In a notable restraint, despite Kim Jong-un's continued hostile rhetoric toward Seoul, the new constitution does not formally designate South Korea an "enemy state." An array of Cold War-era formulations have also been quietly dropped: "imperialist aggressors," "liberating the oppressed and exploited people," and "conspiracies of hostile forces at home and abroad to commit sabotage" no longer appear in the foundational law.
Could North Korea's New Constitution Open the Door to Peaceful Coexistence?
Lee Jung-chul, a professor of political science and international relations at Seoul National University, sees the overall direction as cautiously encouraging.
The deletion of the "Kim Il-sung and Kim Jong-il Constitution" designation is significant, he argues — as is the decision not to formally define inter-Korean relations as hostile or belligerent. Taken together, the revisions point toward a "normal state": a country whose foundational law looks like that of any other sovereign nation.
Lee goes further. By purging the constitution of its most irrational antagonistic language, he contends, Pyongyang may have — perhaps inadvertently — laid the institutional groundwork for a future of peaceful coexistence between the two Koreas.

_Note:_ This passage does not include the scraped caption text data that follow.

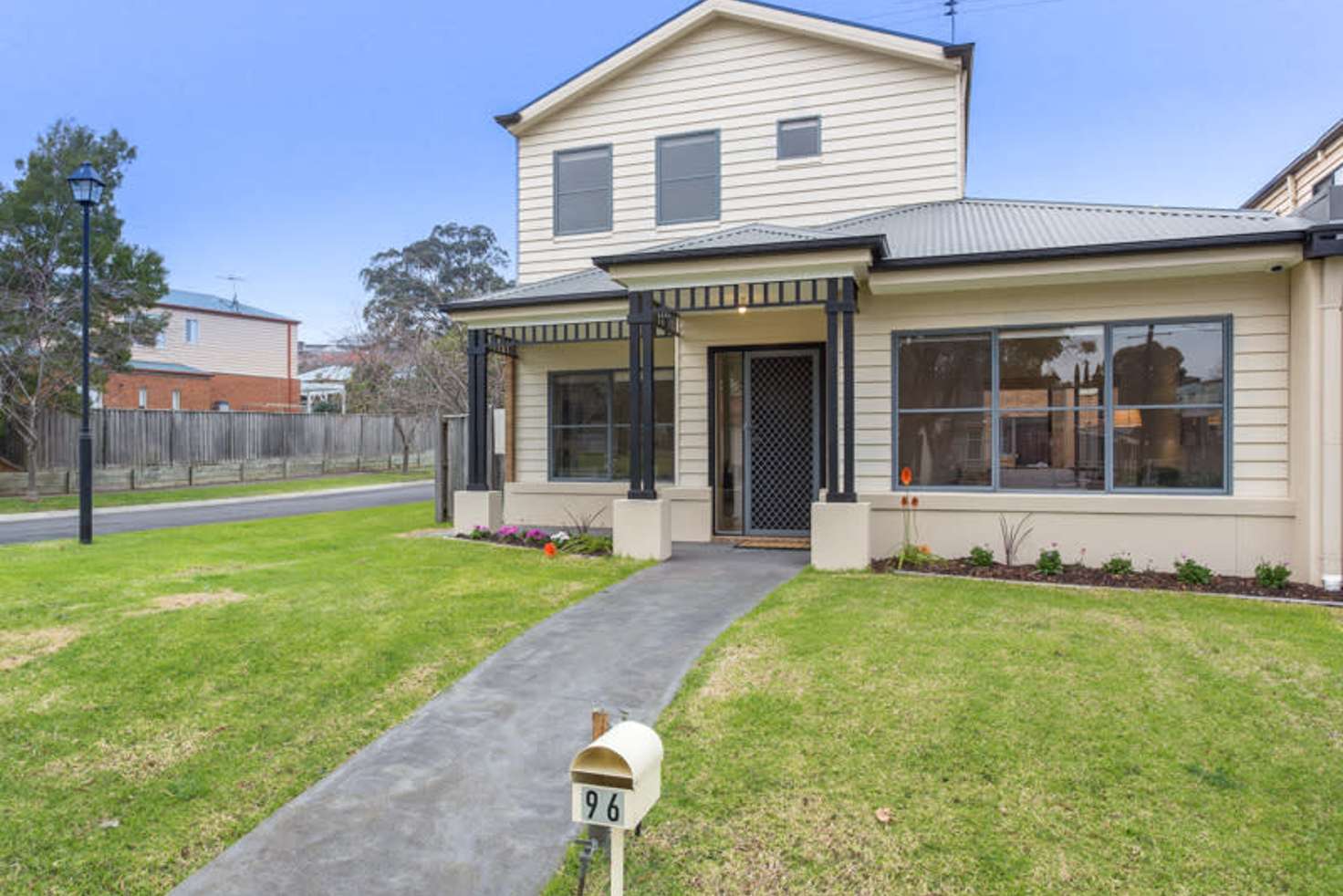 Main view of Homely house listing, 96 Fieldstone Boulevard, Beaconsfield VIC 3807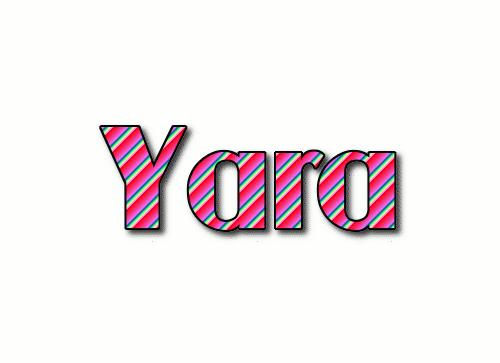 Yara Logotipo
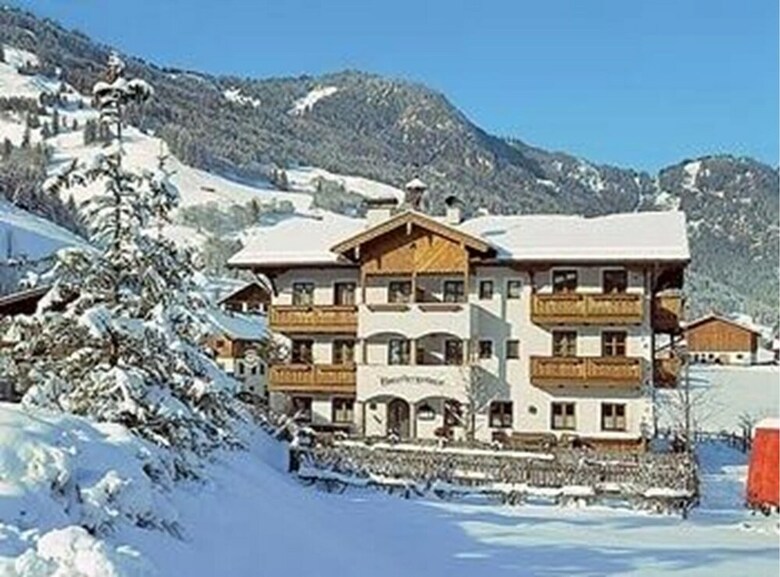 Hotel Die Unterbergerin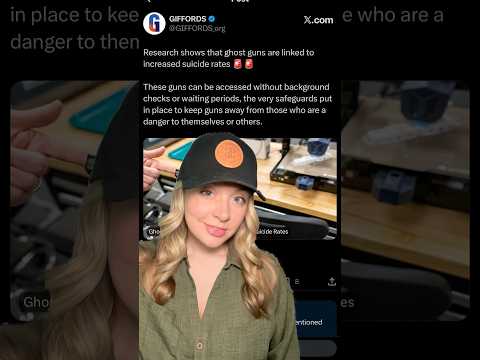 These Gun Grabbers Will Twist Anything… #shortsfeed #shortsfeed #2ndamendment #shortsvideo #shorts Thumbnail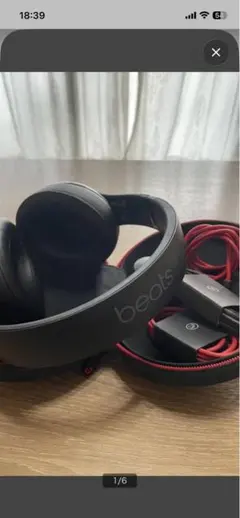 2026年最新】beats studio v2の人気アイテム - メルカリ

Whether that reading proves too optimistic remains to be seen. What is beyond dispute is that Kim Jong-un has used this constitution to do three things at once: bury the political inheritance of his father and grandfather, close the legal door on reunification, and place the nuclear trigger unmistakably in his own hands. (Related: Exclusive | How Nobel Laureate Kurt Wüthrich Uses Exercise to Fuel Scientific Innovation | Latest )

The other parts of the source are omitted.